Gabon : Ali Bongo a prêté serment pour son second mandat

Ali Bongo Ondimba a prêté serment pour un deuxième mandat, ce mardi 27 septembre 2016, au Palais du Bord de Mer de Libreville. Cette investiture  pour un second septennat du fils Bongo intervient après quatre jours après la validation de sa réélection par la Cour constitutionnelle et un mois après le seul et unique tour de l’élection gabonaise.

Ali Bongo, la main droite levée vers le drapeau gabonais et l’autre posée sur la Constitution.

« Je jure de consacrer toutes mes forces au bien du peuple gabonais en vue d’assurer son bien-être et de le préserver de tout dommage, de respecter et de défendre la Constitution et l’État de droit», a affirmé le chef de l’État lors d’une cérémonie très solennelle, introduite par la présidente de la Cour constitutionnelle gabonaise, Marie-Madeleine Mborantsuo.

Appel au dialogue

Dans son discours d’investiture, Ali Bongo a une nouvelle fois invité ses opposants au dialogue. « J’invite toutes les forces vives de la Nation à s’asseoir ensemble afin de trouver les solutions », a-t-il déclaré, déplorant « les événements malheureux » ayant suivi la proclamation des résultats. Le 31 août, des violences meurtrières inédites avaient éclaté dans le pays, où des centaines d’arrestations avaient eu lieu.
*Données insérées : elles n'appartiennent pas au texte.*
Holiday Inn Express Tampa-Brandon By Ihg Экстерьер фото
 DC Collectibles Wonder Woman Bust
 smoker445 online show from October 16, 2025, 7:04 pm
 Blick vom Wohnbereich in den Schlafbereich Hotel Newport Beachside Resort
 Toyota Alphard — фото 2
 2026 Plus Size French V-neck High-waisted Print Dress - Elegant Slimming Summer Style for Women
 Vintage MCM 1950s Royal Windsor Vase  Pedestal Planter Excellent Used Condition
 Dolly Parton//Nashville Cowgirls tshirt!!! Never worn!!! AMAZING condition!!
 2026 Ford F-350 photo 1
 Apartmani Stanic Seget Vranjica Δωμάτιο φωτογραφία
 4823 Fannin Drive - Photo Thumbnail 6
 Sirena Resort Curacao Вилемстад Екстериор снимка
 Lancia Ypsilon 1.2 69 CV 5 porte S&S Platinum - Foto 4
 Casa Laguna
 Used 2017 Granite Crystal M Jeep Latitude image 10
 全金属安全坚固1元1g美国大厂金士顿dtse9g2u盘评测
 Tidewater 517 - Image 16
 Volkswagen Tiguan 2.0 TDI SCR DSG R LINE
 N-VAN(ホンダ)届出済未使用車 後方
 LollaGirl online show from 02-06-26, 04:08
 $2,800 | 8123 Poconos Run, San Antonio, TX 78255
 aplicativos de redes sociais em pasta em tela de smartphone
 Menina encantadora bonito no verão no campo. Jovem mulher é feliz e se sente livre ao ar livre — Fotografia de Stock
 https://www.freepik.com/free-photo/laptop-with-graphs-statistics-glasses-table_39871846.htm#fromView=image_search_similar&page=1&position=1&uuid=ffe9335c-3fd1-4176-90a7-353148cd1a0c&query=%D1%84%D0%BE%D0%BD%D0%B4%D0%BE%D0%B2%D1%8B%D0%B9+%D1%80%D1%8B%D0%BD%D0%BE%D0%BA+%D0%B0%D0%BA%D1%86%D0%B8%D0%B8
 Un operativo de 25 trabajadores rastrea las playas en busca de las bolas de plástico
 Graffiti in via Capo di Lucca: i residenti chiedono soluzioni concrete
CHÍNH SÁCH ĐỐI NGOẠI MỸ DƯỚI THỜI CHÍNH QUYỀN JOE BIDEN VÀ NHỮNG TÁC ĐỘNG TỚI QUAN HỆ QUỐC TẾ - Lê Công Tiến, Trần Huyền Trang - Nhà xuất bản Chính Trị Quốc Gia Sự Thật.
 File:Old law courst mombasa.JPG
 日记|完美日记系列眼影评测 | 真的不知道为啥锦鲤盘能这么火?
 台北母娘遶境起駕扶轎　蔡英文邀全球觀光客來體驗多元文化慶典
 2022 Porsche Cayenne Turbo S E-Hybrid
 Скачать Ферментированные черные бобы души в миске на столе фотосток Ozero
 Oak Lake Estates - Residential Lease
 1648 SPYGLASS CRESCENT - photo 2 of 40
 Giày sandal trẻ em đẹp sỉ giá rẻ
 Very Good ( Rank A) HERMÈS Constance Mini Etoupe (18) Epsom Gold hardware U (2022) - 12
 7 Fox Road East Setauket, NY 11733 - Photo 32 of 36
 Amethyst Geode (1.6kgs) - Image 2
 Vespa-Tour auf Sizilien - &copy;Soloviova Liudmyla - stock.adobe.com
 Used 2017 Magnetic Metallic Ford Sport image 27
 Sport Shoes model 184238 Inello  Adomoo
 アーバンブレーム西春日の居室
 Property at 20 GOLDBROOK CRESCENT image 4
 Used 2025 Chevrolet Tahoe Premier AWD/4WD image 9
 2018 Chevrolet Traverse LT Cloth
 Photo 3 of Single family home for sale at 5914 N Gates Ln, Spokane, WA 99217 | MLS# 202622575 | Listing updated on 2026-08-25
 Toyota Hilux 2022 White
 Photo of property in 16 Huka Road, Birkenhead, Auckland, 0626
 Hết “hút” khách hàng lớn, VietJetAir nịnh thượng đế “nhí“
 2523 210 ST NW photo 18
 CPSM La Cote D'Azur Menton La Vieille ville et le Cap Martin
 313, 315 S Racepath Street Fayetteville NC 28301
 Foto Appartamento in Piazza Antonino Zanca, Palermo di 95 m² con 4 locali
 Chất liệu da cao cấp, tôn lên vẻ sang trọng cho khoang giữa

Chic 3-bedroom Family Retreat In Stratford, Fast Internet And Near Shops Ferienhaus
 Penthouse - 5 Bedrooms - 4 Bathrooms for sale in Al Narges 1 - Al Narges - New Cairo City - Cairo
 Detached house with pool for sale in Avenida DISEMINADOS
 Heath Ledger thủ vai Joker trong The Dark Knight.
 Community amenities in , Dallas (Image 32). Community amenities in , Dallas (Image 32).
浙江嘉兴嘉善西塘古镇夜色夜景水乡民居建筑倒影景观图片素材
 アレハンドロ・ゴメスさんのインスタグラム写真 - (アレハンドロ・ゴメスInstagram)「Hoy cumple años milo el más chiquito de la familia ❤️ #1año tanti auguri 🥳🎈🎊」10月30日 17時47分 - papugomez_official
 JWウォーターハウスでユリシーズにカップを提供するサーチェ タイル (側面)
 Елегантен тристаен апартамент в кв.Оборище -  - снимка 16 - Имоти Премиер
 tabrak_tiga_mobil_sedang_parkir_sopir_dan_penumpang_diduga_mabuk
Le chef de l’État a également mis en avant ses promesses de campagne : placer la jeunesse au cœur de son prochain septennat, mettre en oeuvre son programme d’« égalité des chances » et parvenir à l’« émergence » de l’économie gabonaise, malmenée par la chute des cours du pétrole. Son gouvernement sera nommé « dans les prochains jours », a-t-il également précisé.

Outre sa mère, Patience Kama Dabany, et d’autres membres de sa famille Ali Bongo a  prêté serment en présence de seulement quatre  chefs d’Etat africains, notamment les présidents Ibrahim Boubacar Keïta(Mali), Faure Gnassingbé(Togo), Mahamadou Isssoufou (Niger) et Evaristo Carvalho (São Tomé-et-Príncipe).  Moins nombreux qu’en 2009, pour sa première investiture, où une dizaine de chefs d’Etat ont effectué le déplacement.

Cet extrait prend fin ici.